Atatürk-Türkeş ve Ülkücü Gençlik
Kılıç Ali
Hatıraları’nda Mustafa Kemal Atatürk’ün “dengelerini
kaybetmiş, ihtiras ve iştihalarının tatmini yolunda
dimağlarını, karakterlerini bozmuş, vücutlarını yıpratmış, her
günahı mubah gören, her şeyi istihza ve kayıtsızlıkla
karşılayan, kafalarını manasız yollarla işleten gözlerini
kumarhane masalarına, meyhane şişelerine dikmiş, afyon yutmuş
gibi bayılmış, ne yapacağını şaşırmış, şımarık gençlerden hiç
hoşlanmazdı” diye yazar.
Atatürk, bunlardan kızarak ve nefret ederek, “Böyleleri,
tabiatıyla milli mefküreye lakayt, bigane bir gençliktir. Bu
gibilere ne Hakimiyeti Milliye, ne de Cumhuriyet, zerre kadar
heyecan ve alaka vermez. Her türlü içtimai ve ahlaki alakaları
kesilmiş vaziyette olan bu gibi gençler için kumar, dans,
rakı, fuhuş, para işte Hakimiyeti Milliye’nin, işte cemiyetin
manası, onlar için, yalnız bunlardan ibarettir. Bu gibi
gençleri tereddiden behemehal (mutlaka) kurtarmak ve gençliği
behemehal mefküreci (ülkücü) ,memleketle alakalı olarak
yetiştirmek, herkesin, hepimizin, her devlet adamının başta
gelen vazifesidir” demiştir.
Atatürk’ün tanımladığı anlamda zevkçi, her türlü milli duygu
ve kimlikten uzak, kozmopolit, kendinden başka bir şey
düşünmeyen bir gençlik bugün de var. Neden olmasın? İstiklal
Harbi’nin üzerinden 10 sene geçtikten sonra olurda 80 sene
geçtikten sonra olmaz mı? Küreselleşmenin her kanaldan
milliyetsizliği ve etnikleşmeyi teşvik ettiği bir ortamda Türk
gençliğinin önemli bir kısmı geleceğe ve Türkiye’ye olan
inancını yitirerek, ben merkezli bir zevkçiliğin kollarına
düşüyor.
Ancak
durumu çok da kötü görmemek lazım. Türkiye’ye yönelik
stratejik tehdit artarken bir çok gençte milli görev
duygusunun arttığını görüyoruz. Onlara yol gösteren olmadığı
halde tarihlerinin ve milletlerinin kendilerine yüklediği
görevin farkına vararak ülkenin geleceğine sahip çıkan Türk
gençlerinin sayısı her geçen gün biraz daha artıyor. Bu
milliyetperver ve vatansever gençlere sahip çıkılması ve
onların Atatürk-Türkeş çizgisinde Türk milliyetçiliği, yani
Ülkücü Hareket içine çekilmeleri için yüksek seviyeli bir
fikri çalışmaya ihtiyaç var.
Yüksek
seviyeli bir fikri çalışma ise okuyan ve yazan bir Ülkücü
gençlik ile gerçekleşir. Fikir üreten, tahlil yapan,
Türkiye’nin ve Türk dünyasının sorunlarını tartışan, Türkiye
ve Türk dünyasına yönelik tehditlere cevap veren, iyi evlat,
iyi öğrenci ve iyi yurttaş olarak Ülkücülük yolunda ilerleyen
bir gençlikten bahsediyorum. Başbuğ Türkeş’in ifadesi ile
üstün vasıflı Türk olma çabası içinde olan adamdır Ülkücü genç.

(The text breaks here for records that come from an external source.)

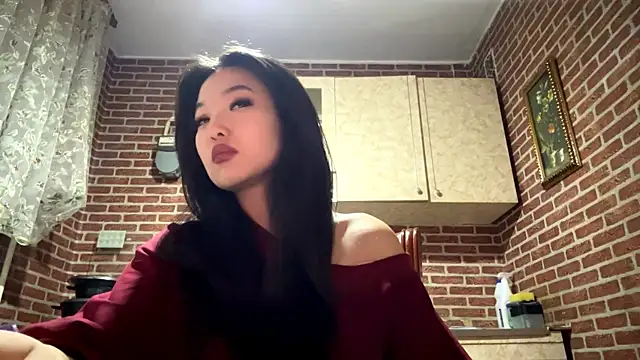 EmmaLeexth online show from 04/06/26, 02:07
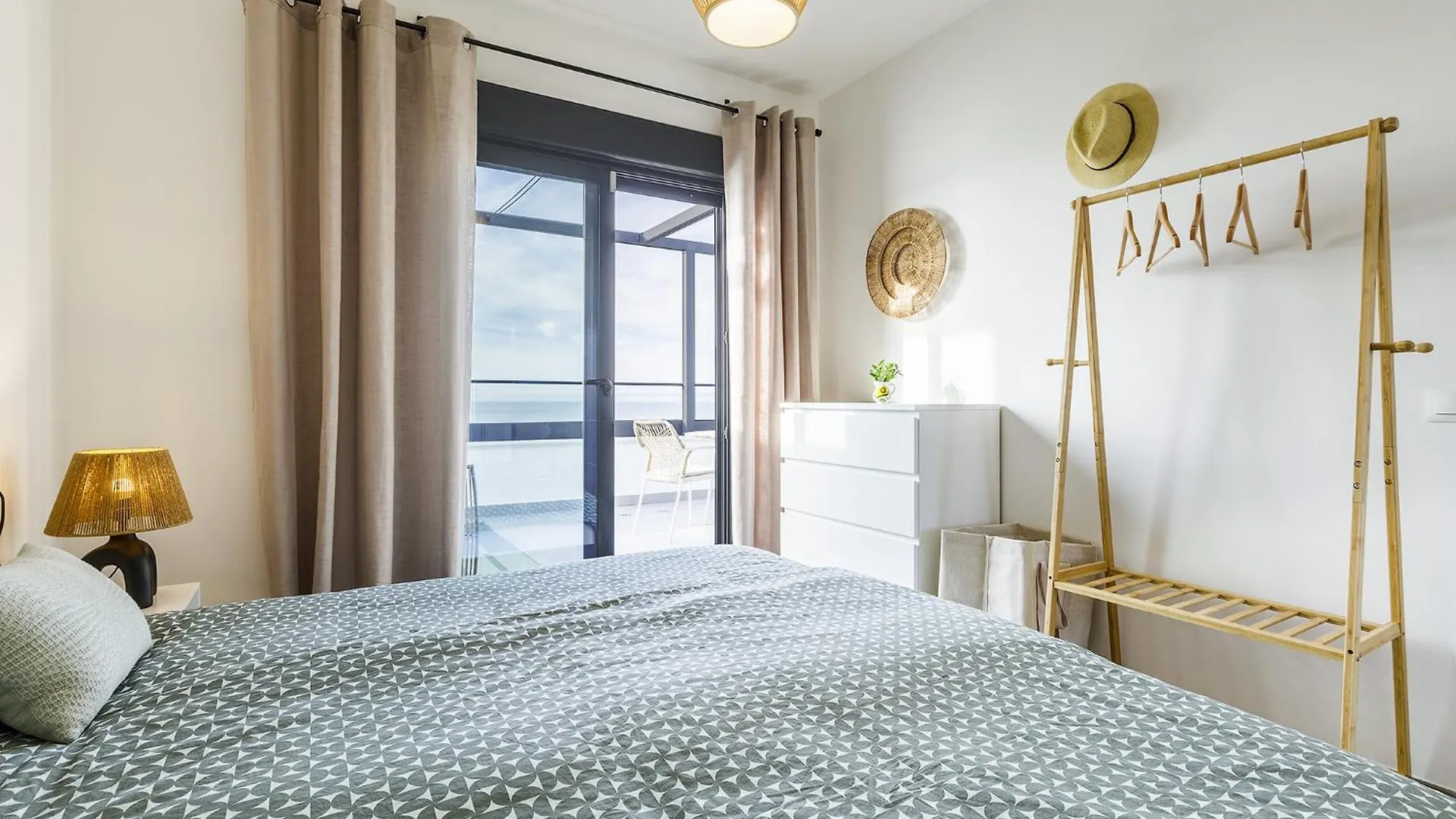 Апартаменты A&N Atico Dimo Terraza Del Mar Альгарробо-Коста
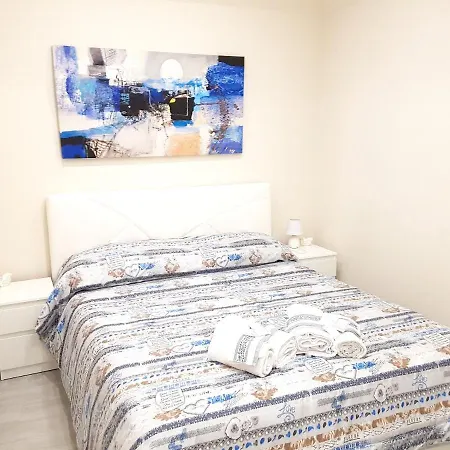 Charming In Canicatti, 40 M² With Private Terrace. Apartment *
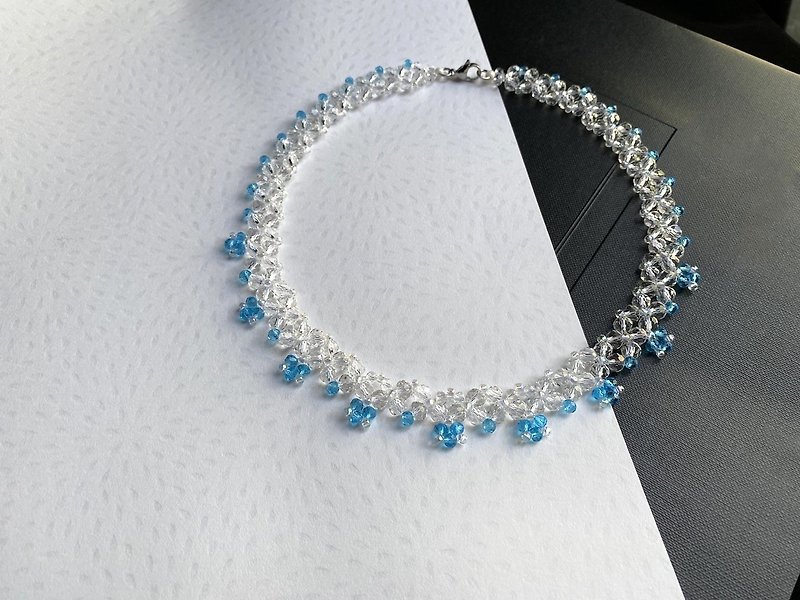 Unique design Czech crystal Japanese beads handmade braided necklace - สร้อยคอ - แก้ว สีน้ำเงิน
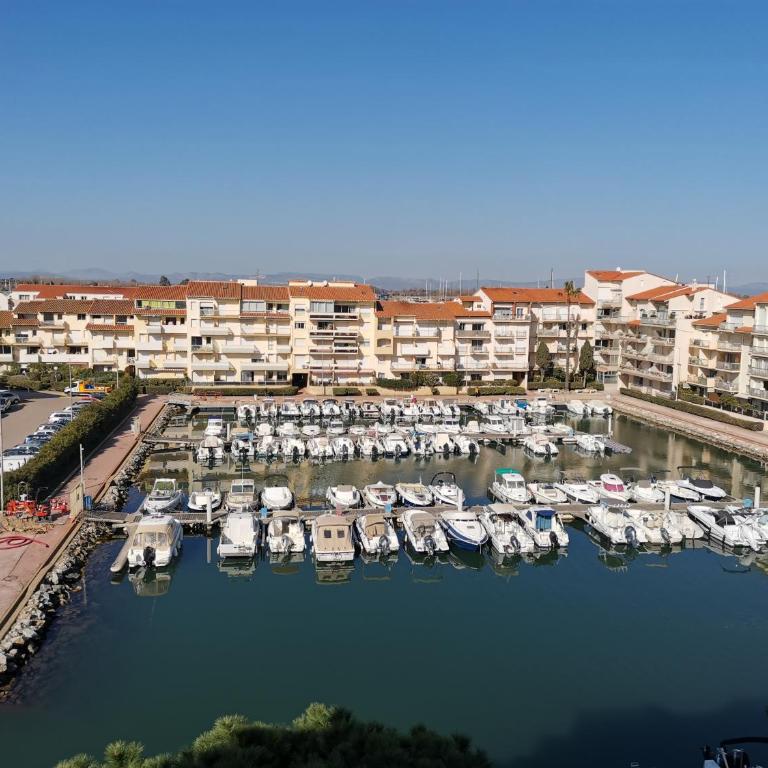 T2 Climatisé classé 2 étoiles prés de la plage avec parking privé numéroté - Apartamento de 1 dormitorio - 1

Okumayı, yani İslam’ın ilk emrini ve yazmayı terk etmiş bir
gençliğin ülkücülüğü sadece söylemsel bir ülkücülük olacaktır.
Ülkücü
gençliğin milliyetçi ve vatanperver öğrenci/gençlik
kitlelerine önderlik ettiği bir Türkiye, farklı bir Türkiye
olacaktır. Böyle bir Türkiye susan, AKP’nin ülkemizi içine
sürüklediği felaketi seyreden, Türklüğün imhası karşısında
sessiz kalan, İslam’a yapılan hakaretler karşısında ancak
cılız tepkiler veren bir ülke değil, Türk gençliğinin Ülkücü
gençliğin önderliğinde dev dalgalar, büyük kitleler şeklinde
yürüdüğü bir ülke olacaktır.
Ülkücü
gençliğin yürüyüşü, milli devlete karşı yapılan saldırıları
engellemekle kalmayacak, Türk Dünyası’nda da heyecan
yaratacaktır. Ülkücü gençliğin yürüyüşünde ona yol gösterecek,
eylemlerinin zeminini belirleyecek olan Gaspıralı’dan Gökalp’e
uzanan çizgide ortaya çıkan Türk milliyetçisi fikri birikimin
Atatürk-Türkeş çizgisinde siyasete dönüşmüş şeklidir. Bu
çizginin özeti, tavizsiz Türk milliyetçiliği ve tavizsiz Türk
birlikçiliktir.
Atatürk-Türkeş çizgisinde bölücüleri yatıştırma kaygısı ile
geliştirilen teslimiyetçi “çiçek bahçesi” söylem ve
politikaları yoktur. Bu çizgide teslimiyetçi AB’cilik yoktur.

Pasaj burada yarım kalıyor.